• RECORD EXTRACTS:
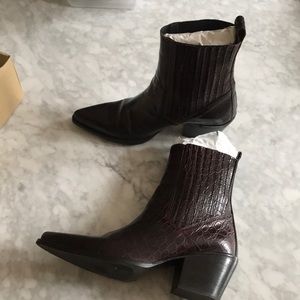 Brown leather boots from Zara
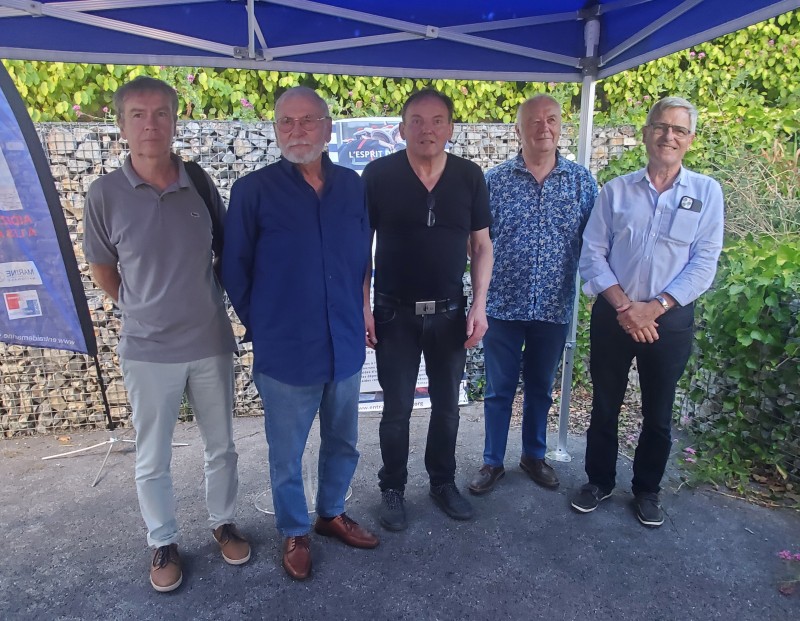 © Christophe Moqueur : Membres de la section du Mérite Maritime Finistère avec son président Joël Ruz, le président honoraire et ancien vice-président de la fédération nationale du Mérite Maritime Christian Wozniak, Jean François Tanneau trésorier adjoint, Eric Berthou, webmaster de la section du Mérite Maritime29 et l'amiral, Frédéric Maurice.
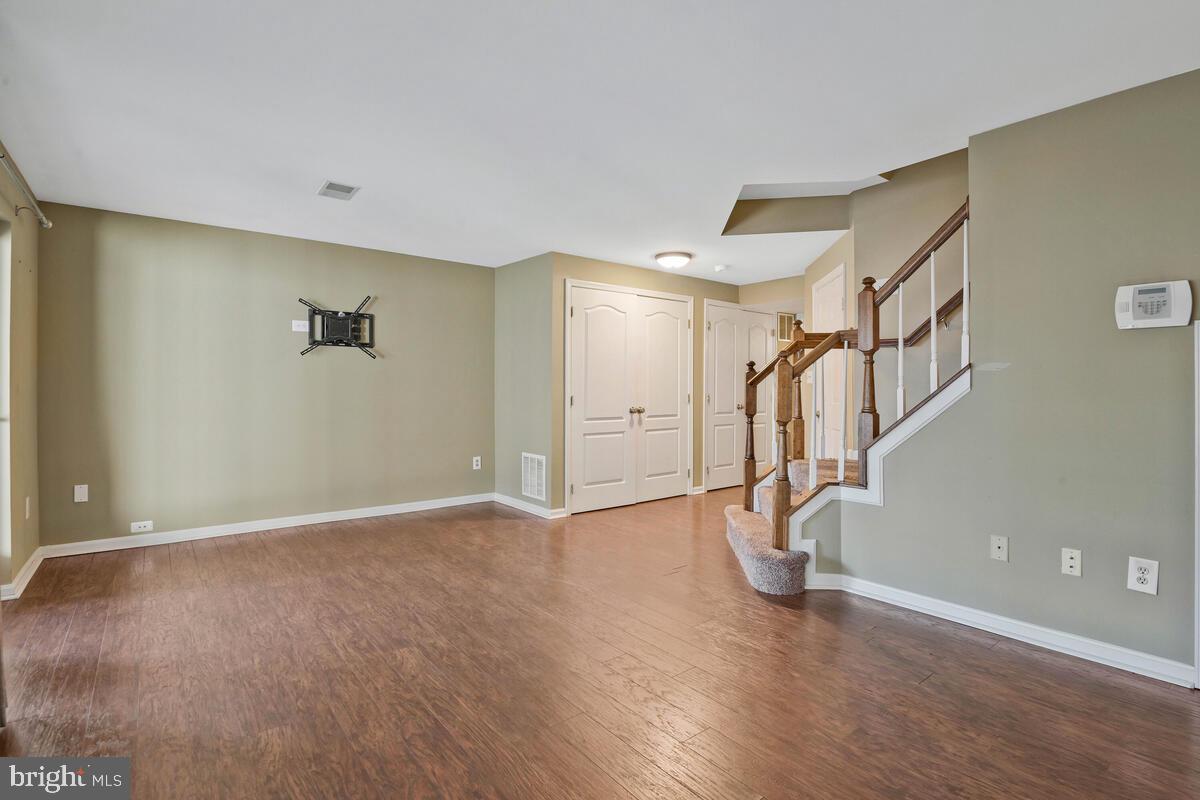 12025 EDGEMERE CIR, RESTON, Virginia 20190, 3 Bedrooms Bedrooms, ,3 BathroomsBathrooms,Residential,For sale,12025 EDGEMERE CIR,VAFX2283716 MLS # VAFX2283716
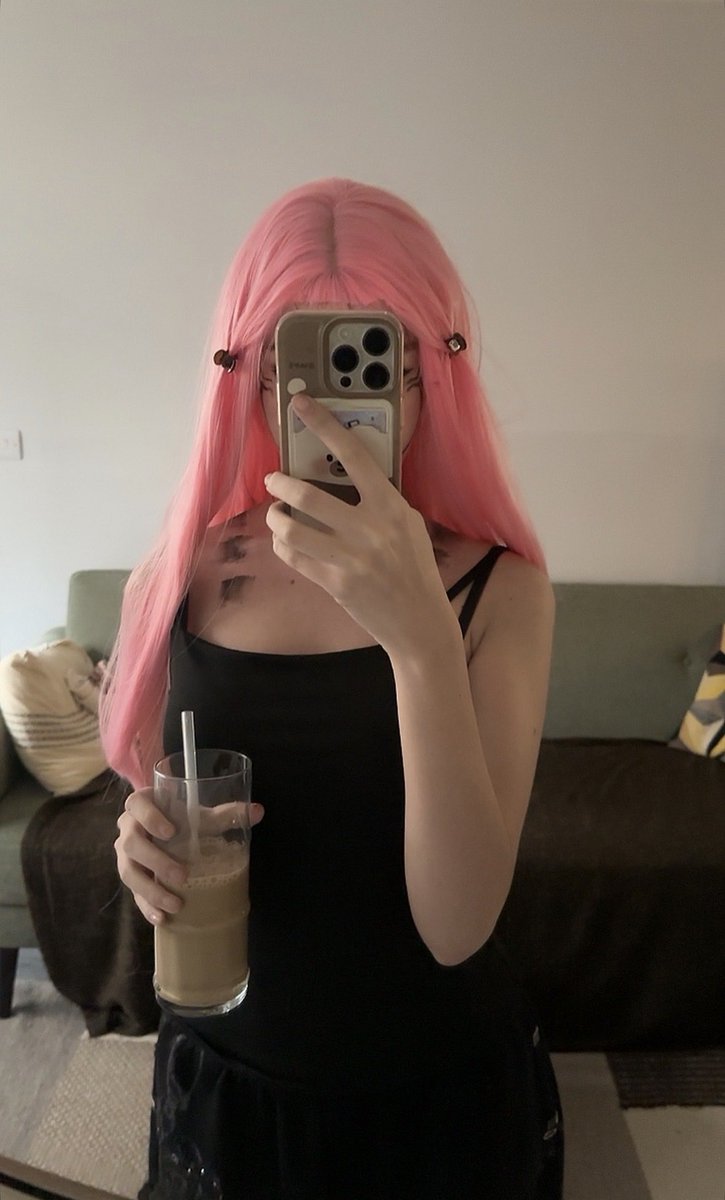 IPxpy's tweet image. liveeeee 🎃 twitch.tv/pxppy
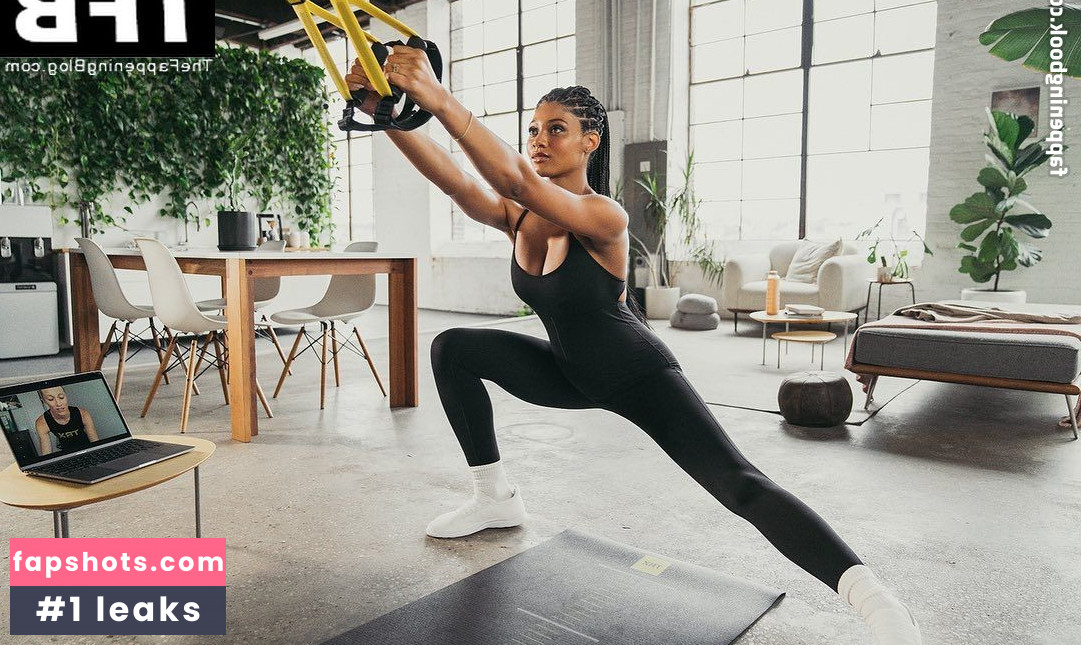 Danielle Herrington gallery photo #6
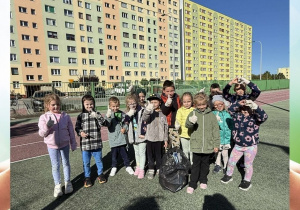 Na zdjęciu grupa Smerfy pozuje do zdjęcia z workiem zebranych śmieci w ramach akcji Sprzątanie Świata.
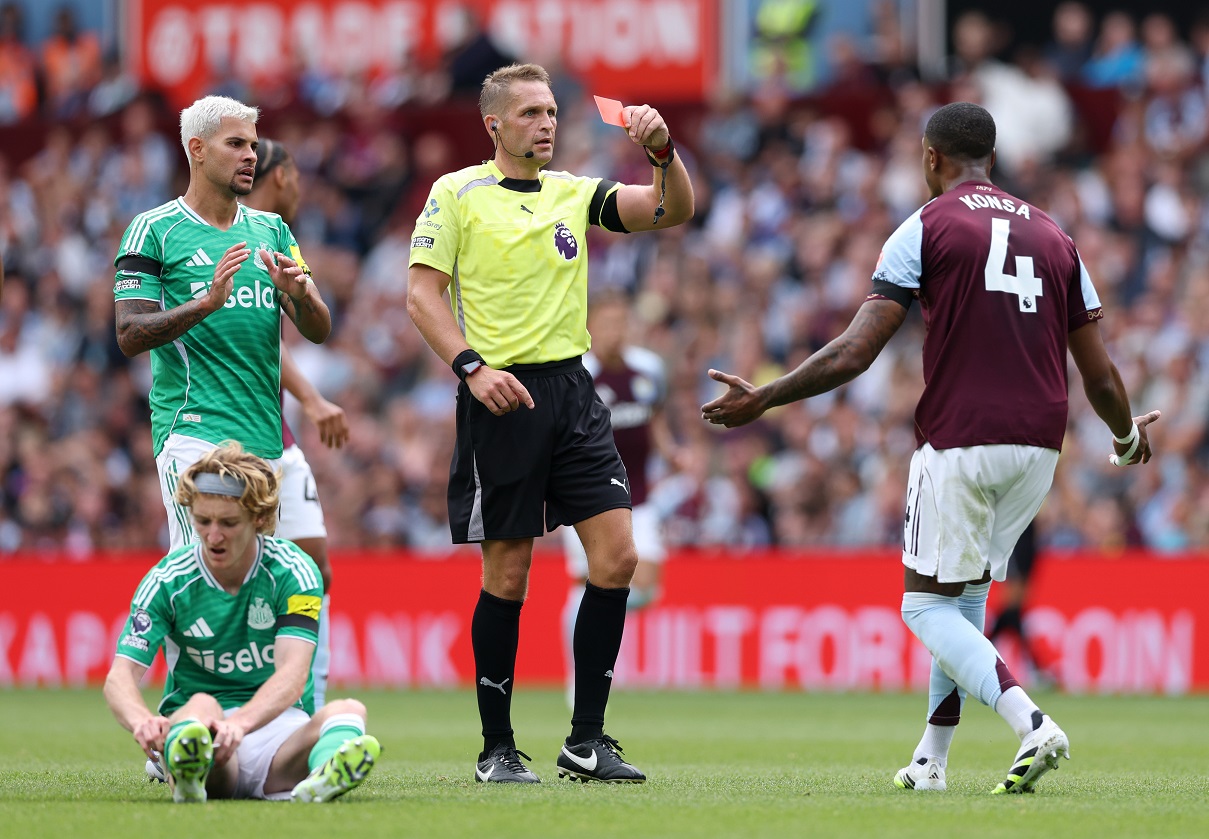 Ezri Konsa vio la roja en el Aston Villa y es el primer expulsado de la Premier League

• DIRECTIONS FOR THIS TASK:
The copy you give must run from the line containing "IPxpy's tweet image." through the last line of the records, exactly, with the pictures left out.

• THE COMPLETED TASK:
 IPxpy's tweet image. liveeeee 🎃 twitch.tv/pxppy
 Danielle Herrington gallery photo #6
 Na zdjęciu grupa Smerfy pozuje do zdjęcia z workiem zebranych śmieci w ramach akcji Sprzątanie Świata.
 Ezri Konsa vio la roja en el Aston Villa y es el primer expulsado de la Premier League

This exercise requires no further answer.